Thread-safe alert storage with callback handlers.

Parameters:

Name Type Description Default
max_alerts int

Maximum number of alerts to retain (oldest dropped first).

1000

Initialize the alert manager.

add_alert_handler(handler) ¤

Register a callback invoked on each new alert.

Parameters:

Name Type Description Default
handler Callable[[Alert], None]

Callable that receives an Alert instance.

required

trigger_alert(message, severity, metric_name, metric_value, threshold, metadata=None) ¤

Create and store an alert, notifying all registered handlers.

Parameters:

Name Type Description Default
message str

Human-readable alert description.

required
severity AlertSeverity

Severity level.

required
metric_name str

Metric that triggered the alert.

required
metric_value float

Observed metric value.

required
threshold float

Threshold that was exceeded.

required
metadata dict[str, Any] | None

Optional additional context.

None

get_recent_alerts(count=10) ¤

Return the most recent alerts.

Parameters:

Name Type Description Default
count int

Maximum number of alerts to return.

10

Returns:

Type Description
list[Alert]

List of recent alerts, newest first.

get_alerts_by_severity(severity) ¤

Return all alerts matching the given severity.

Parameters:

Name Type Description Default
severity AlertSeverity

Severity level to filter by.

required

Returns:

Type Description
list[Alert]

List of matching alerts.

clear_alerts() ¤

Remove all stored alerts.

AdvancedMonitor(alert_manager=None, gpu_profiler=None, resource_monitor=None) ¤

Background resource monitor with threshold-based alerting.

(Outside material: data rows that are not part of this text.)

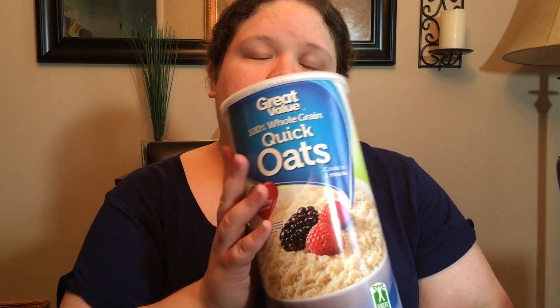Great Value quick oats. We bought these for our superworms — we have superworms that we feed our bearded dragons, and you've got to keep them in oatmeal or Cheerios or something like that.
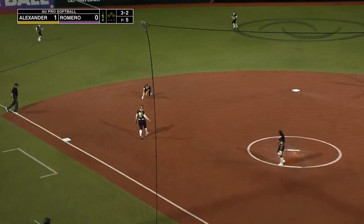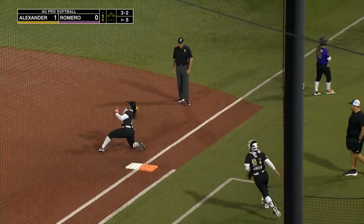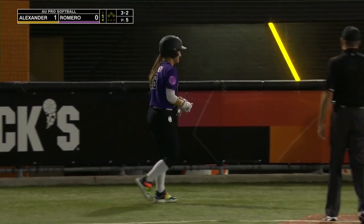Still working counts, slaps it left side, short hop, big throw from Leach and dug out at first. What a play by Nadia Taylor.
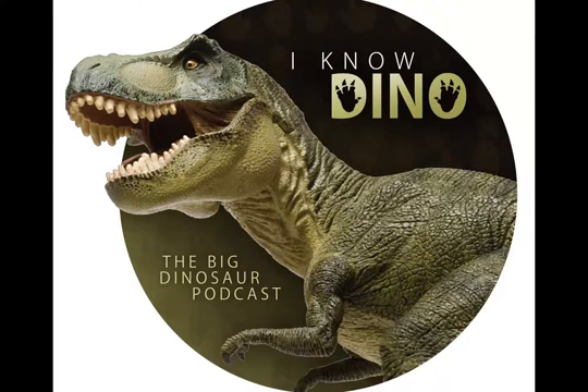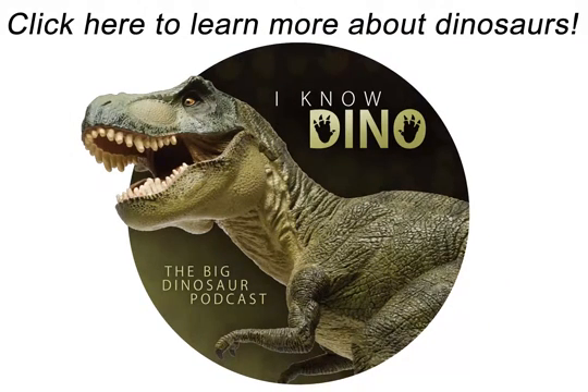You can see Utahceratops at the Natural History Museum of Utah — the hosts saw it there along with a huge wall of other ceratopsians, which is really cool and definitely worth seeing. Utahceratops was a ceratopsian, discussed also in episode 30 on Triceratops. Ceratopsians were ornithischians that lived in North America and Asia; they had beaks and cheek teeth to eat fibrous vegetation, a frill used for defense, regulating body temperature, attracting mates, or signaling danger, and they probably traveled in herds and could stampede if threatened.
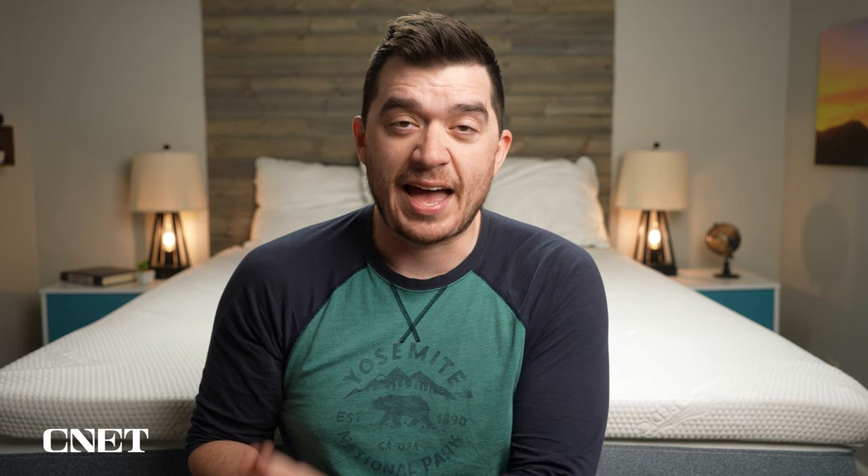This is Owen. I'm with Sleepopolis, and we're going to be talking about the Big Fig mattress. Big Fig is short for Bigger Figure, and they specialize in making a bed that's supposed to support up to 1,100 pounds, which is pretty impressive. We're going to talk about everything you need to know about the bed — what it's actually made of, what it's going to feel like, how firm it is, how much it's going to cost, and who should think about getting one. If you find this video helpful, give it a thumbs up and subscribe. We'll have tons of information in the description, including any discounts and best lists of extra supportive and durable mattresses.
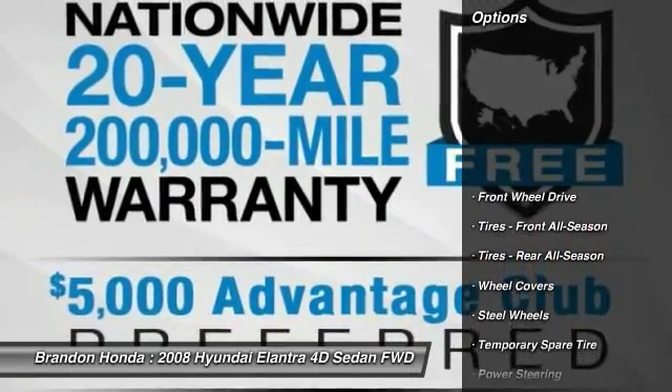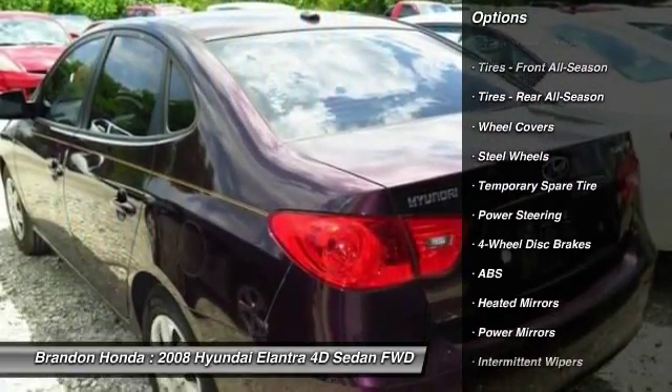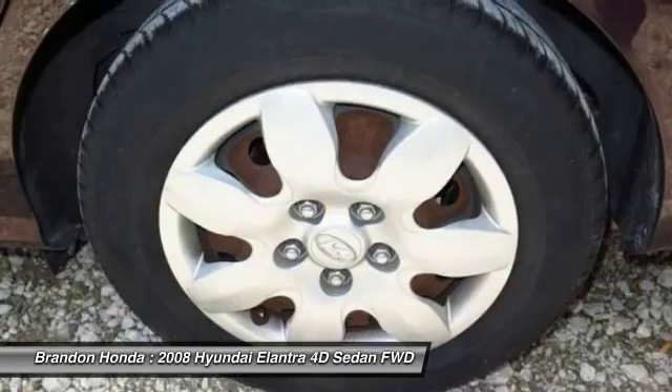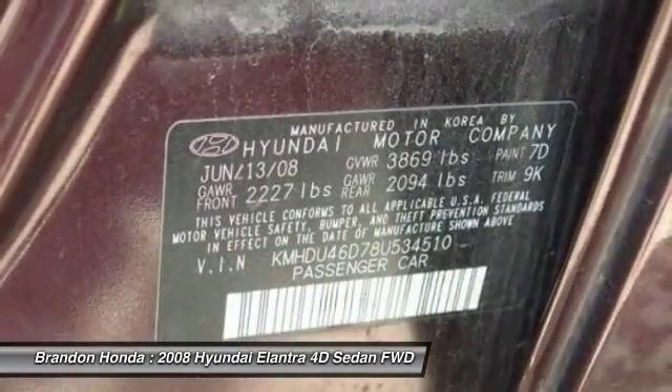Here are some of this vehicle's great options: anti-lock braking system, keyless entry, driver airbag, adjustable steering wheel, power steering, four-wheel disc brakes, rear defrost, front wheel drive, bucket seats, power door locks.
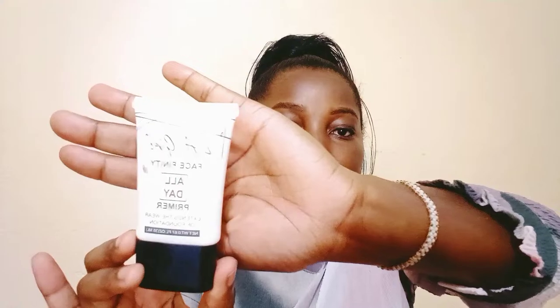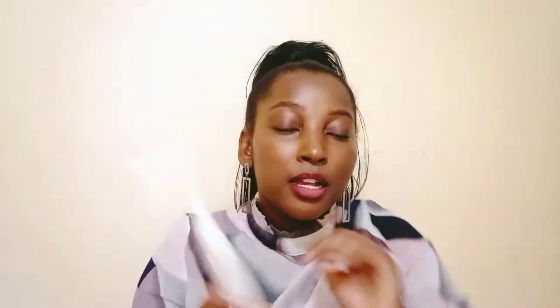My primer was out and I really needed one, so I got myself this L'Oréal Face Finity primer. I'll be putting the prices and discounts on screen. This primer is good — for those who use it, it's not bad at all; it's a good primer.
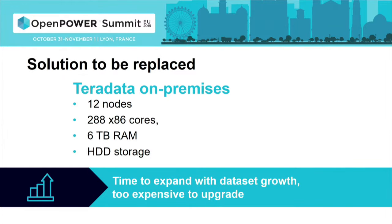The solution they used for several years was a Teradata appliance located on premises. But as the business grew and the data sets kept growing, they faced the limits of scalability of that solution. They figured that to scale further would be very expensive, so they initiated a project to replace it. The question was: what should they use as a replacement?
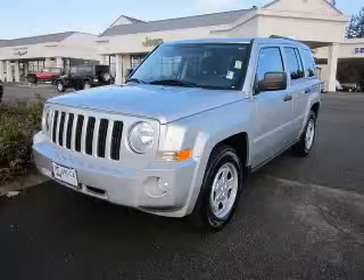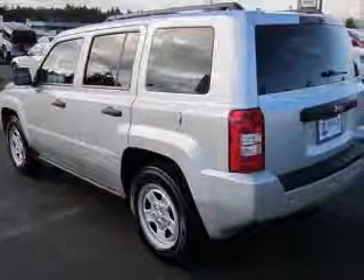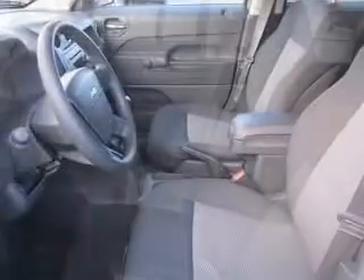We are proud to present this excellent 2010 Jeep Patriot. This Patriot has a four-cylinder engine and a continuously variable transmission. This vehicle has a bright silver exterior and includes the following options:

Collects CPU, memory, and optional GPU metrics on a daemon thread. Triggers alerts when thresholds are exceeded.

Parameters:

Name Type Description Default
alert_manager AlertManager | None

Alert manager for dispatching alerts. Created if not provided.

None
gpu_profiler GPUProfilerProtocol | None

Optional GPU profiler for GPU metrics.

None
resource_monitor ResourceMonitor | None

Optional ResourceMonitor for background sampling.

None

Initialize the monitor.

alert_manager property ¤

Access the underlying alert manager.

set_threshold(metric_name, threshold) ¤

Set an alerting threshold for a metric.

Parameters:

Name Type Description Default
metric_name str

Name of the metric to monitor.

required
threshold float

Value above which an alert is triggered.

required

start_monitoring(interval=5.0) ¤

Start background monitoring on a daemon thread.

Parameters:

Name Type Description Default
interval float

Seconds between metric collection cycles.

5.0

stop_monitoring() ¤

Stop background monitoring and wait for the thread to finish.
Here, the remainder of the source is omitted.